Problem to work on: Find, in the records below, the line that contains "HSE Series Electric Direct/Belt" and the line that contains "PRADA SPORTS VPS". Copy those two lines and everything between them exactly, but not the pictures.

Records shown:
________

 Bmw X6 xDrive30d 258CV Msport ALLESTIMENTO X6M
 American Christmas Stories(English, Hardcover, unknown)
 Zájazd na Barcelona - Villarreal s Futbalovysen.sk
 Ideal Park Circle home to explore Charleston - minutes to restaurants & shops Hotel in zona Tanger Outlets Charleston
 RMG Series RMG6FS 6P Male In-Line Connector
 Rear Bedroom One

________

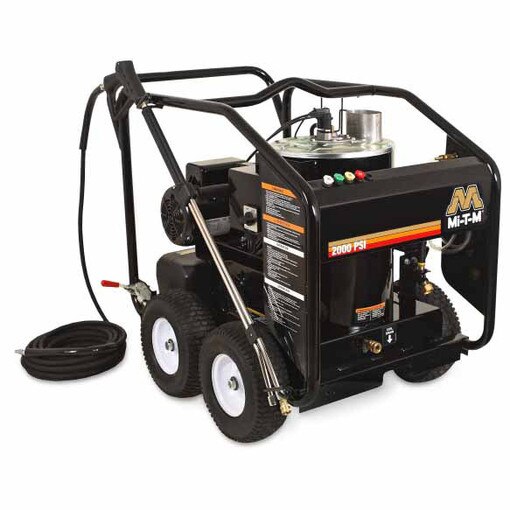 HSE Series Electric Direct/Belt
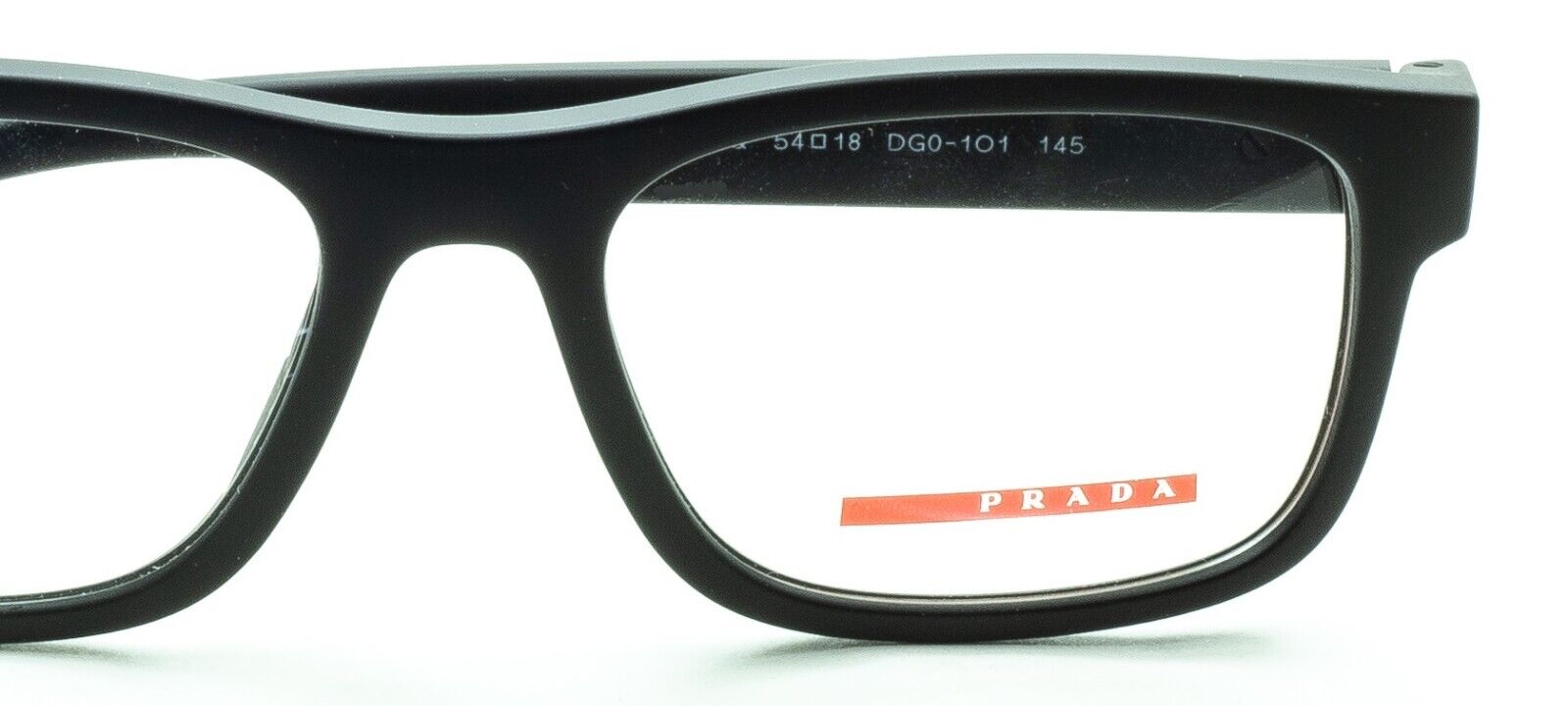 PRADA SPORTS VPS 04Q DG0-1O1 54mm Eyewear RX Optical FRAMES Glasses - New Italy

________

Written answer:
 HSE Series Electric Direct/Belt
 PRADA SPORTS VPS 04Q DG0-1O1 54mm Eyewear RX Optical FRAMES Glasses - New Italy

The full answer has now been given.